Show all lines from the listing below that contain "pour".

-=-=-=-=-

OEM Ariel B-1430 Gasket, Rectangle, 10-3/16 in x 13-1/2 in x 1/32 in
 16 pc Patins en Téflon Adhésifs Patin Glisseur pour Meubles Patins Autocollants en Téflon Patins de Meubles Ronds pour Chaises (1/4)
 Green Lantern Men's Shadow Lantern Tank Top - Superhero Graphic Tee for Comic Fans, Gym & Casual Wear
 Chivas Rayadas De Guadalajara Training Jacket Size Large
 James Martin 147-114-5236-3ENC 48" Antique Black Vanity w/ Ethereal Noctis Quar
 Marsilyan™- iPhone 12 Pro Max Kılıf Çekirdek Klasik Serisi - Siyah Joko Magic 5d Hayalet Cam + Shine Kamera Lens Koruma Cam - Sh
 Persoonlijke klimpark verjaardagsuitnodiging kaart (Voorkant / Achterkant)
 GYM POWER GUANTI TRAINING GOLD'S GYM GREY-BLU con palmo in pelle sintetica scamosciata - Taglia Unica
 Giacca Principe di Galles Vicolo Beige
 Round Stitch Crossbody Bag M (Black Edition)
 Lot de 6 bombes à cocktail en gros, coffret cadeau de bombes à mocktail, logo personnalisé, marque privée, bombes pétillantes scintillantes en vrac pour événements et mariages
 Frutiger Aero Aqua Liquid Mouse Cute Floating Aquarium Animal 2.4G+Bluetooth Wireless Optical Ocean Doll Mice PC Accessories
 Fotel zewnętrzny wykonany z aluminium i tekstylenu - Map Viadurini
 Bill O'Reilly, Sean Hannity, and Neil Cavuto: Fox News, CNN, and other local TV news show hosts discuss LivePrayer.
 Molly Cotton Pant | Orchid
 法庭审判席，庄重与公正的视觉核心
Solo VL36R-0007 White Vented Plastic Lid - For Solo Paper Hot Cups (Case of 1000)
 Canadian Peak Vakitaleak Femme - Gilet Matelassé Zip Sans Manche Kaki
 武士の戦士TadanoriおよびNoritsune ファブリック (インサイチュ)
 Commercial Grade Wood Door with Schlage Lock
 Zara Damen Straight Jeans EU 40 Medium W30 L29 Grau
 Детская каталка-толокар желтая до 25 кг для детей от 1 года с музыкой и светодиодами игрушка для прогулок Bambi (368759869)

-=-=-=-=-

EXERCISE ANSWER:
 16 pc Patins en Téflon Adhésifs Patin Glisseur pour Meubles Patins Autocollants en Téflon Patins de Meubles Ronds pour Chaises (1/4)
 Lot de 6 bombes à cocktail en gros, coffret cadeau de bombes à mocktail, logo personnalisé, marque privée, bombes pétillantes scintillantes en vrac pour événements et mariages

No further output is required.